Labor rights non-existent: No right to strike or collectively bargain in Cuba.


Contact: John Suarez (612)-367-6845/ Janisset Rivero (786) 208-6056

Center for a Free Cuba. Washington, DC, May 5, 2023. The Castro regime finally celebrated May Day on Friday, four days late, but Cuban workers have nothing to celebrate. There are no legal independent unions in Cuba, and workers do not have the right to strike or collectively bargain.

The pretext for not having the May Day Parade in the Plaza of the Revolution, is blamed on fuel shortages, but the reality is more likely that officials would be unable to fill the Plaza due to general discontent in the Cuban populace, or have their pro-regime event turn into a massive anti-government protest.

On May Day the Center for a Free Cuba sent a "Petition for the restoration of labor rights in Cuba" to international labor organizations asking them to ask the Cuban government to restore labor rights in Cuba, and today made it available for signature on Change.org.

"Cubans have a right to their rights, and that includes labor rights," said John Suarez, executive director of the Center for a Free Cuba, who added, "the right to organize independent labor unions, collectively bargain, and strike existed in Cuba prior to the Castro dictatorship, and must be restored."

Below is the text of the petition. Iván Hernández Carrillo, General Secretary of the Independent Labor Association of Cuba ( Asociación Sindical Independiente de Cuba) has signed the petition. Full list of signatures available upon request.

Whereas, Labor rights flourished during the Cuban Republic (1902 - 1952).

Between 1902 and 1952 labor unions made great strides for worker's rights in Cuba, especially after the ousting of President Gerardo Machado in 1933.  

Ramon Grau San Martin's provisional government marked a before and after in Cuban history. Between October and December of 1933, it issued a first package of popular and nationalist measures that strengthened labor rights in Cuba.

  1. Created the Ministry of Labor, since there was no body specifically in charge of labor matters.

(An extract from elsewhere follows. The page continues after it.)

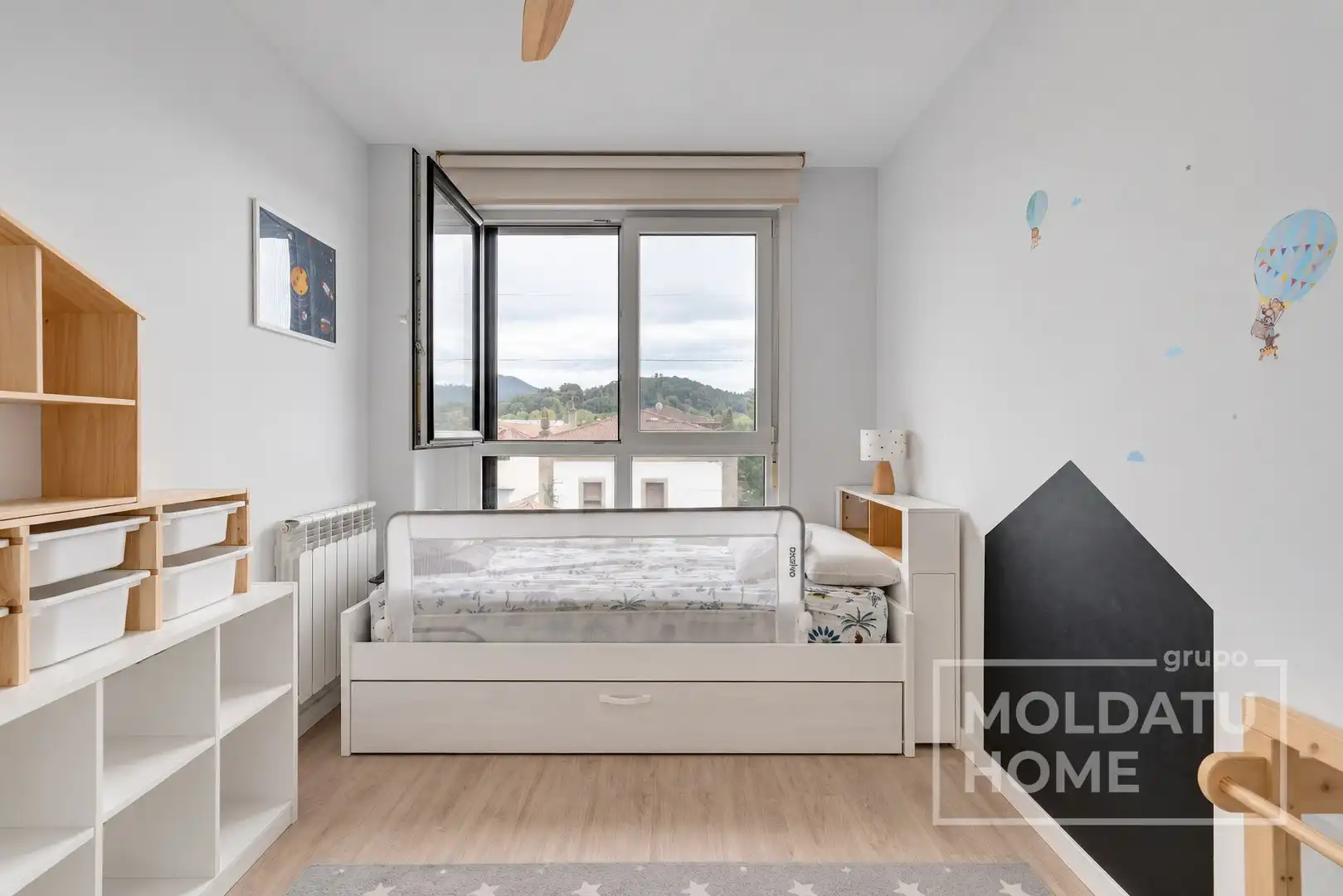 Appartement avec piscine à vendre à Saturio Burutaran, imagen 43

  2. Established employer liability for accidents; he suspended the evictions of tenants and canceled 50% of the taxes and contributions not paid in due time.

  3. Established the eight-hour work day and the right to unionize. He promulgated the Labor Nationalization Law that established the obligation that 50% of the workers and employees had to be native Cubans.

Labor legislation passed in 1938 guaranteed Cuban workers' additional rights: 

  1.  A minimum wage; 

  2. Pensions that assumed a constitutional character;

  3. Creation of the Central of Workers of Cuba Central de Trabajadores de Cuba (CTC in Spanish) 

Cuba's 1940 Constitution further enshrined workers’ rights into law with 26 articles which included:

A maximum work day of no more than 8 hours and a maximum working week of 44 hours equivalent to 48 in wages (Article 66); The right to paid vacation of one month for each 11 months of work in each calendar year (Article 67); The right of unionization (Article 69); The right to strike (Article 71); The system of collective labor contracts (Article 72); a non-discriminatory practice in the distribution of opportunities to work ( Article 74).

Strong trade unions and labor legislation in the Cuban Republic were a factor in rising living standards, and improved healthcare outcomes.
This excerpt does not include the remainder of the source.